I will reserve my strong opinions about this article for the comments section. For now I’ll just say, “It’s damn well time!!”
Bush Preemptive Strike Doctrine Under Review, May Be Discarded
By Tony Capaccio
Oct. 15 (Bloomberg) — The Pentagon is reviewing the Bush administration’s doctrine of preemptive military strikes with an eye to modifying or possibly ending it.
The international environment is “more complex” than when President George W. Bush announced the policy in 2002, Kathleen Hicks, the Defense Department’s deputy undersecretary for strategy, said in an interview. “We’d really like to update our use-of-force doctrine to start to take account for that.”
Snip>
The doctrine is being reassessed as part of the Pentagon’s Quadrennial Defense Review of strategy, force structure and weapons programs. Hicks is overseeing the review.

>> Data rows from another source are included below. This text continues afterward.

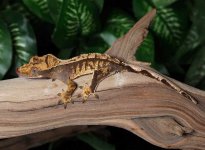 crested-gecko-Ap79b.jpg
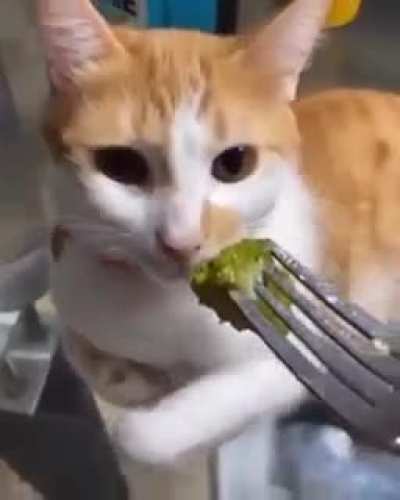 broccoli bad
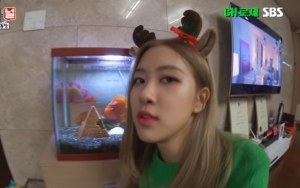 Bisa Lakukan Ini, Ikan Peliharaan Rose Black Pink Bikin MC 'We Will Channel You' Melongo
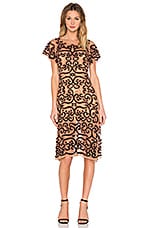For Love & Lemons Antonina Dress in Black & Nude | REVOLVE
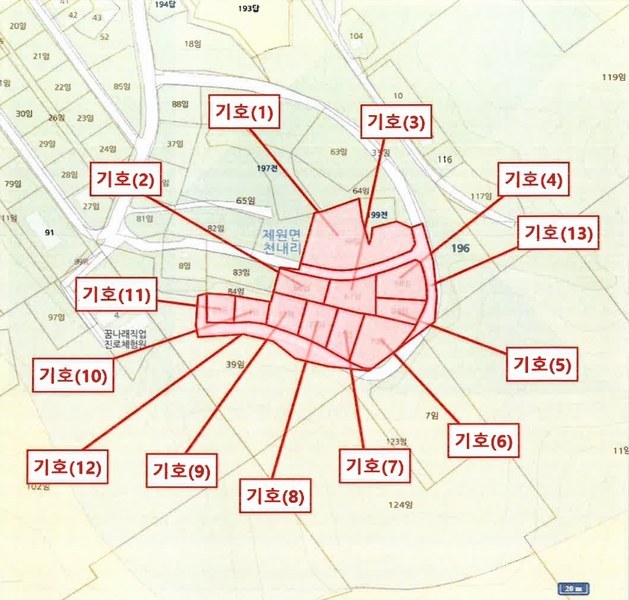 2025타경501820 충청남도 금산군 제원면 천내리 196-38 임야 경매 이미지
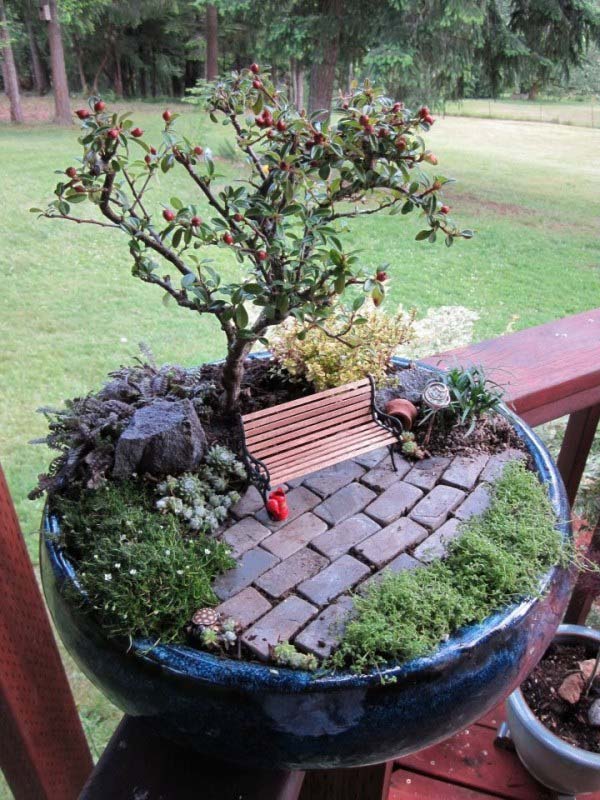 Bonsai Tree Mini Garden #fairygarden #diy #decorhomeideas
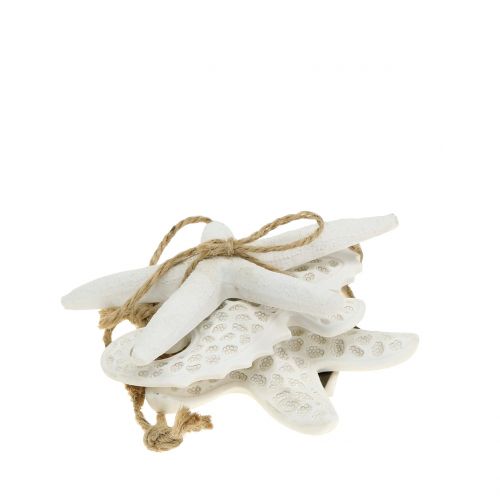 Floristik24 Deco hanger sjøstjerner, sjøhest 12cm 3stk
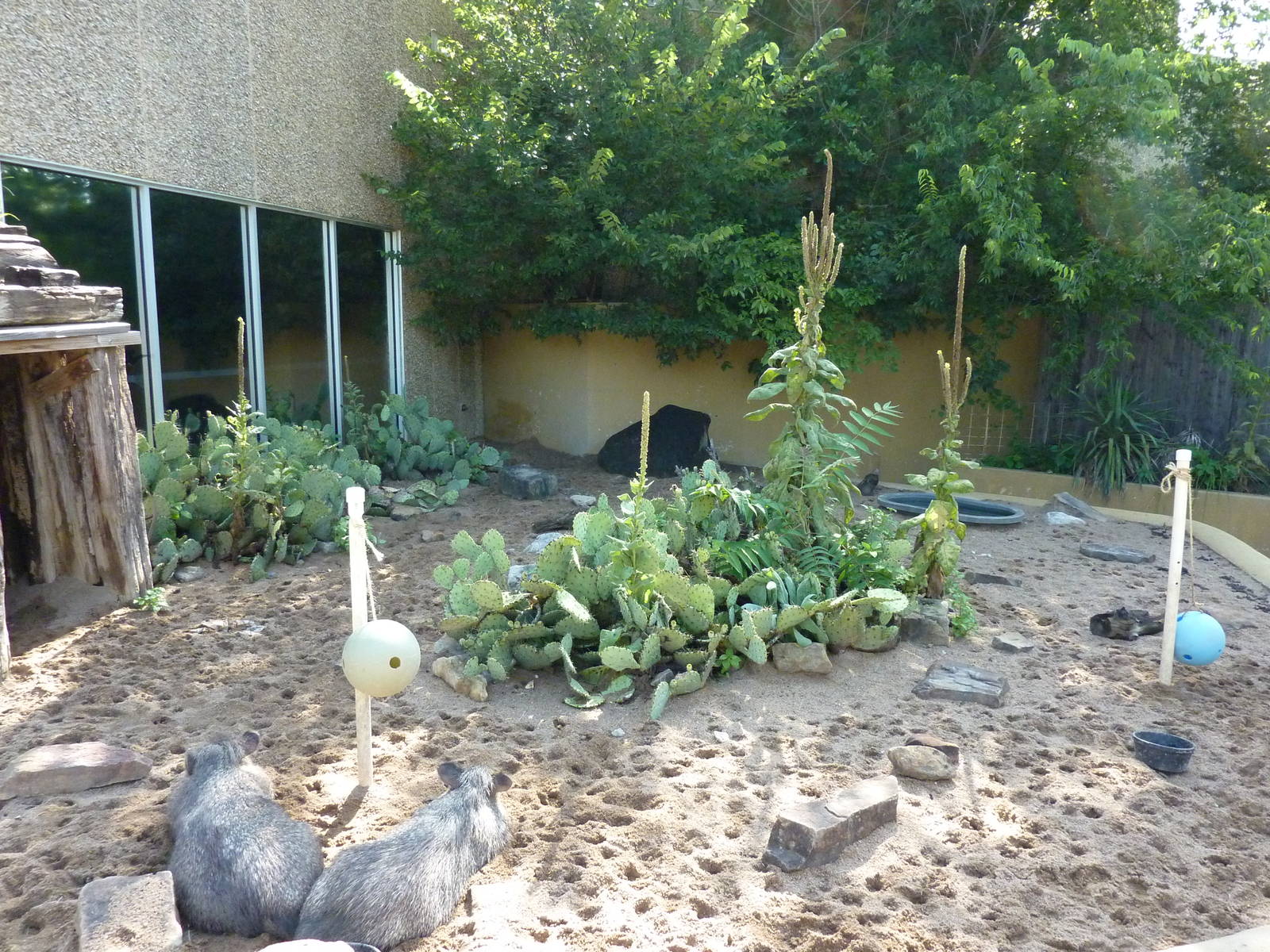 North American Living Museum - Southwest Desert - Peccary Enclosure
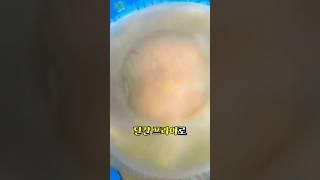 계란프라이로 보여도 절대로 먹으면 안됩니다 #해파리 #젤피쉬 #eggfriedjellfish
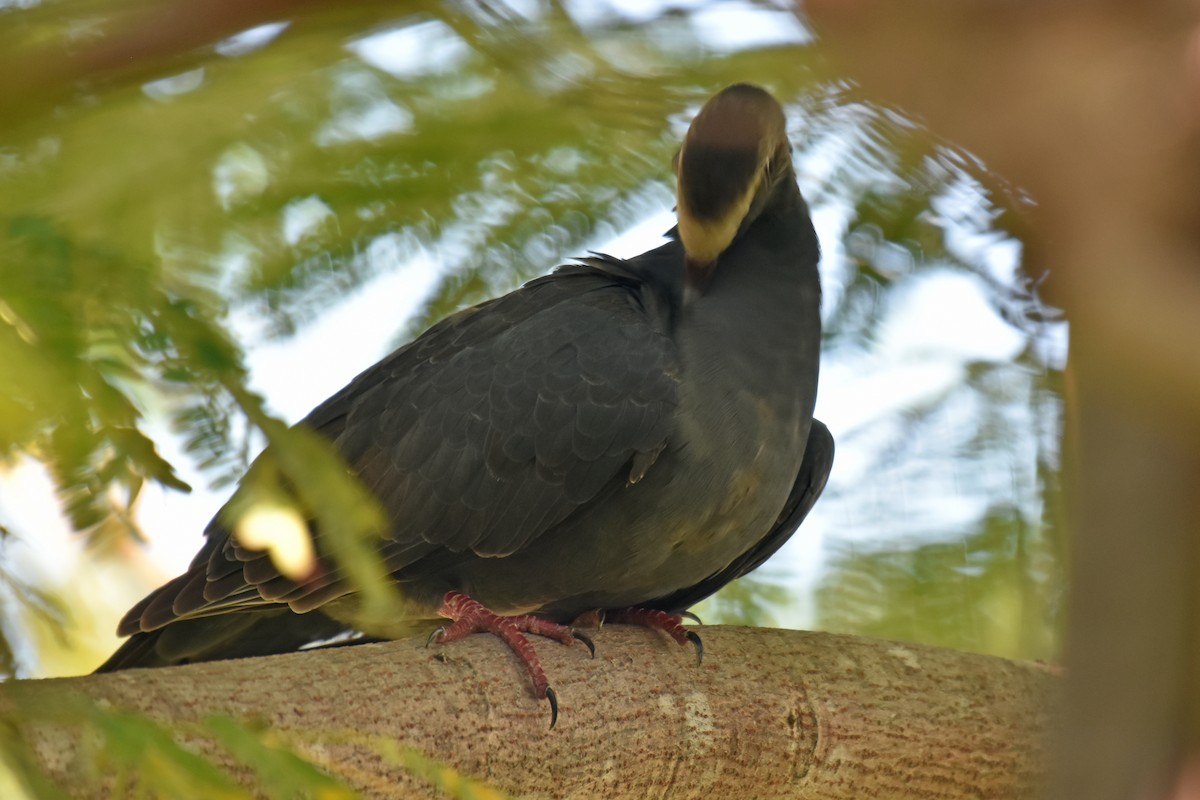 White-crowned Pigeon - ML118778741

“We are looking very explicitly at use of force and use of forces,” she said. “We are looking at how to articulate the use of the U.S. military instrument — how we use military force to achieve national objectives.”
President Barack Obama was elected last year on a platform that included promises to undo many Bush policies. He pledged to extract U.S. forces from Iraq, close the terror detention center at Guantanamo Bay, Cuba, and give greater U.S. support to the UN.
Norway’s Nobel committee, in awarding Obama the Peace Prize last week, cited a “new climate” in world politics and the restoration of “multilateral diplomacy.” The prize also was widely seen as a repudiation of Bush’s policies.
Report to Congress
Congress requires the administration to report its national security strategy annually, and it requires the Pentagon to reassess its policies and war-fighting doctrine every four years.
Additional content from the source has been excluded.